Paper transponder cuts RFID costsPaper transponder cuts RFID costs
January 8, 2001
Chicago-International Paper Co. announced that it will team up to with Motorola, Inc. to bring "smart cardboard" to the supply chain, thus giving manufacturers the ability to track even low cost, disposable products after they leave the dock.
The new technology, demonstrated at Pack Expo International in Chicago during November, provides a unique serial number for every package and uses inexpensive radio frequency techniques to transmit the package ID (RFID) to handheld computers. Engineers at Motorola and International Paper believe that the new technology could bring the bar code a step closer to obsolescence. "The bar code was born 25 years ago and now it's coming to its useful end," says Steven Van Fleet, manager of e-packaging for International Paper's Cincinnati Technology Center. "Every package in the future is going to use an RFID tag."
International Paper was scheduled to employ RFID technology developed by Motorola's Worldwide Smart Card Solutions Division (San Jose, CA) by the end of last year. The company says it will eventually use the RFID "tags" on packages ranging from breakfast cereals to lipstick boxes.
Key to International Paper's "smart packaging" is the Motorola technology, introduced in 1999. International Paper engineers say that the Motorola system offers greater potential than past RFID efforts, because it uses a capacative technique, rather than the more traditional inductive methods. As a result, it keeps costs low because it eliminates the need for the more three-dimensional wire coils usually used in inductive systems.

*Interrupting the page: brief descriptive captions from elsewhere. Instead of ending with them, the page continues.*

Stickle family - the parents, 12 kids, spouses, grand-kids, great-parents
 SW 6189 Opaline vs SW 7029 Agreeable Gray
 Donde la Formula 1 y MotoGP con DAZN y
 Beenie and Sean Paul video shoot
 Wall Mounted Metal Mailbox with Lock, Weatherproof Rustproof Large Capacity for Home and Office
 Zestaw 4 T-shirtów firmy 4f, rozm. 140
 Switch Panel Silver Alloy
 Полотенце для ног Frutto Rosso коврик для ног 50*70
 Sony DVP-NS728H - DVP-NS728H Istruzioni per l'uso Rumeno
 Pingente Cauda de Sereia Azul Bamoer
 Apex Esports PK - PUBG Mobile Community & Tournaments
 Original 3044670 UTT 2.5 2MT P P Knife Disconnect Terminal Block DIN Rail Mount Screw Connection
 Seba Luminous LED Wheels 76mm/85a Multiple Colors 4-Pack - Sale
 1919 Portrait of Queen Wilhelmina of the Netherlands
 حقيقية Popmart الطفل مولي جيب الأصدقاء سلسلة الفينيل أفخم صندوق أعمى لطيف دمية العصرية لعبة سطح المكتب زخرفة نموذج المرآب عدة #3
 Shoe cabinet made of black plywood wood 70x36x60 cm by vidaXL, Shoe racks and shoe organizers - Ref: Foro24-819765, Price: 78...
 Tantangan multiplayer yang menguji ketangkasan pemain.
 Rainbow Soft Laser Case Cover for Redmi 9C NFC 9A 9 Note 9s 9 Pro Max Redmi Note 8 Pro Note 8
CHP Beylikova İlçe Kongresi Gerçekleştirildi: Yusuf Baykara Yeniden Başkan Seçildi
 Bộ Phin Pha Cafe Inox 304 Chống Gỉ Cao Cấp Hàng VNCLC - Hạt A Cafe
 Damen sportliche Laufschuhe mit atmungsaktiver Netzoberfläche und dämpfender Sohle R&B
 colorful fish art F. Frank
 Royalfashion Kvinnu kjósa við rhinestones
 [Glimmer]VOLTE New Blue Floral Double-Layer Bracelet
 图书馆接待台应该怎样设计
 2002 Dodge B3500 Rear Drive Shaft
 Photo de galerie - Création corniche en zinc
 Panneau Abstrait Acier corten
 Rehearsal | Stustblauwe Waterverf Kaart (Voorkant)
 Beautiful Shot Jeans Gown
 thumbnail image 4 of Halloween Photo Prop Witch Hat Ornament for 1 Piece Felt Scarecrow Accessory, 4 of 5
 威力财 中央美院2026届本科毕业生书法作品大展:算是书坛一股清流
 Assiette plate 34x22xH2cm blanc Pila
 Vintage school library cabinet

Motorola's entire RFID system consists of a paper transponder, an RFID chip, and a self-adhesive label, known as an "interposer." To create an identification "tag," Motorola places its silicon RFID chip, known as the BiStatix chip, atop the conductive interposer. Then it attaches the self-adhesive interposer to the transponder, which consists of conductive ink on paper.
Unlike bar codes, the new RFID tags will be programmable. Each BiStatix chip contains 96 bits of information-enough to carry a unique serial code for trillions of individual packages.
International Paper engineers say they plan to mass produce the transponders using a low-cost web conversion process, and then plan to use pick-and-place machinery to apply the interposers to the paper. "We're using a carbon black ink to print the antenna on a piece of paper, instead of using a metal etching process," notes Rich Rudolph, project manager for the small e-packaging program at International Paper. "So the costs are far lower."
Using the process, engineers say they can now drive the cost of an RFID tag to less than 30 cents apiece, and maybe as low as 10 cents each. As a result, they expect to push RFID technology into low-cost, disposable packaging, which has not been considered feasible up to now.
Ultimately, engineers hope to drive the cost down to 2 or 3 cents per package, which would enable its use in virtually every kind of package. "There are billions of boxes in the world," Rudolph says. "So there's going to be a tremendous need for a low cost RFID technique."